Roads connect places, peoples and offer pathways for the carriage of goods and services for the needs of society. Thus by their very nature roads satisfy a multiplicity of needs. Apart from that in traffic terminology roads are defined as being multi-modal. The meaning of this is that many kinds of vehicles use the roads. This is more so in the context of countries like India. While in the US or Europe roads are designed for pedestrians and cyclists particularly in urban areas, passenger vehicles – cars and 2-wheelers, buses and trucks of varying load capacities and forms that carry goods, in India we have to additionally cater to bullock carts, hand-pulled carts, 3-wheelers of various shapes and sizes and maybe still some horse-drawn carriages & buggies. 
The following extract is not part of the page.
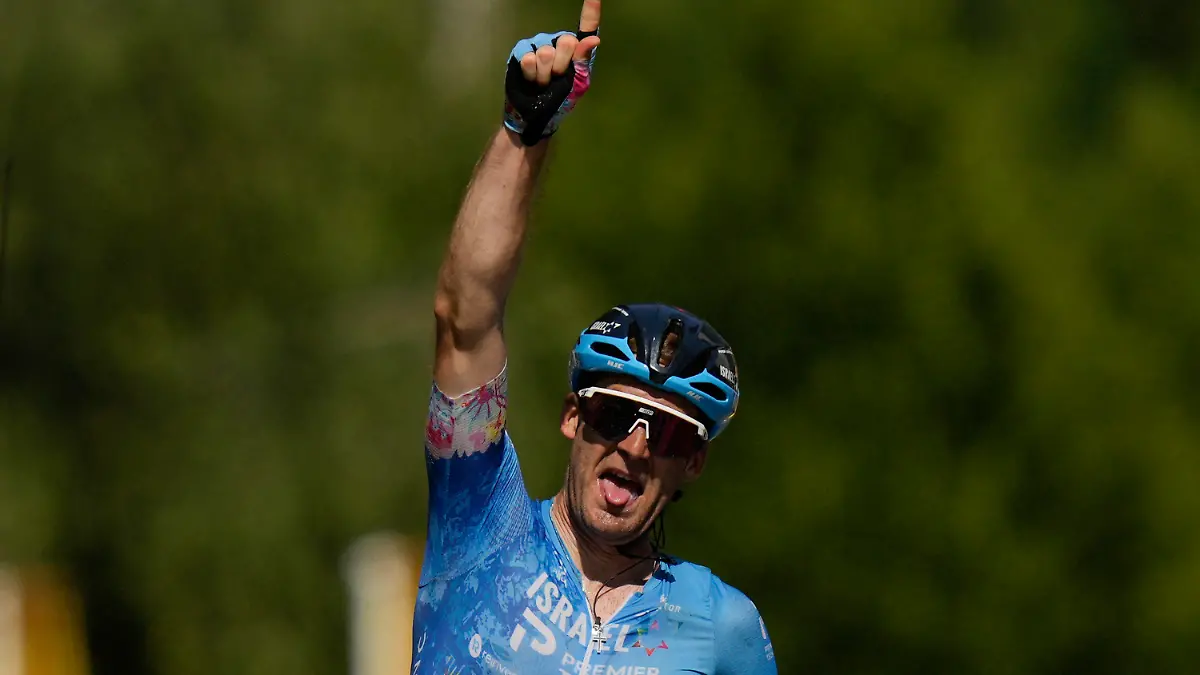 19.07.2022, Frankreich, Foix: Radsport: UCI WorldTour - Tour de France, Carcassonne - Foix (178,50 km), 16. Etappe: Hugo Houle aus Kanada vom Team Israel-Premier Tech zeigt nach seinem Etappensieg zum Himmel und widmet seinen Sieg seinem Bruder Pierrick, der vor fast zehn Jahren von einem betrunkenen Autofahrer getötet wurde. Foto: Thibault Camus/AP/dpa +++ dpa-Bildfunk +++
By the nature of our society and our economy the operatives of the varied classes of locomotion will demand and secure their rights to use the road. Thus we see roads becoming multi-modal having to deliver the rights of its use to the many varieties of users. The pedestrian in this scheme of things happens to be a very important category of road user. If you look by way of right it was the pedestrian who was there first and because of his need the road was formed. So you cannot deny the pedestrian the right of use of the road. 
In places around India you will find that the pedestrian can be classified with the most vociferous, if not militant, being from Calcutta (now Kolkata) and the most docile from Madras (now Chennai). Goa does not figure anywhere on this scale since Goa does not believe in pedestrians. 
This is more so in the latest context that is over the last three years, if you look at our road planning, it is believed that pedestrians do not exist in Goa. Otherwise we would not have had this spree of road widening that is happening all over Goa with not a thought being given to how people, the pedestrians, will cross the roads. 
About pavements, there has been a spree again for constructing pavements all over Goa which one cannot deny. But these do not really lend to their use by pedestrians because they are a little too high and one needs to bring along one’s step-up ladder to climb on to them particularly for senior citizens and those with knee trouble. 
While the stretch of the NH17 highway running from the Gauri Petrol Pump to the Jeevottam Math in Porvorim has no pavements on the left side and pedestrians including school children have to walk on the side of the highway with their lives literally in their hands. However, the plight of pedestrians of Goa, particularly in Porvorim, is so miserable and hence this is a humble request to consider them while building roads and on existing roads assist them by providing traffic signals so that they are able to cross with the least risk to life and limb. The road that was once of the people, by the people and for the people; has now become of the vehicles, by the vehicles and for the vehicles.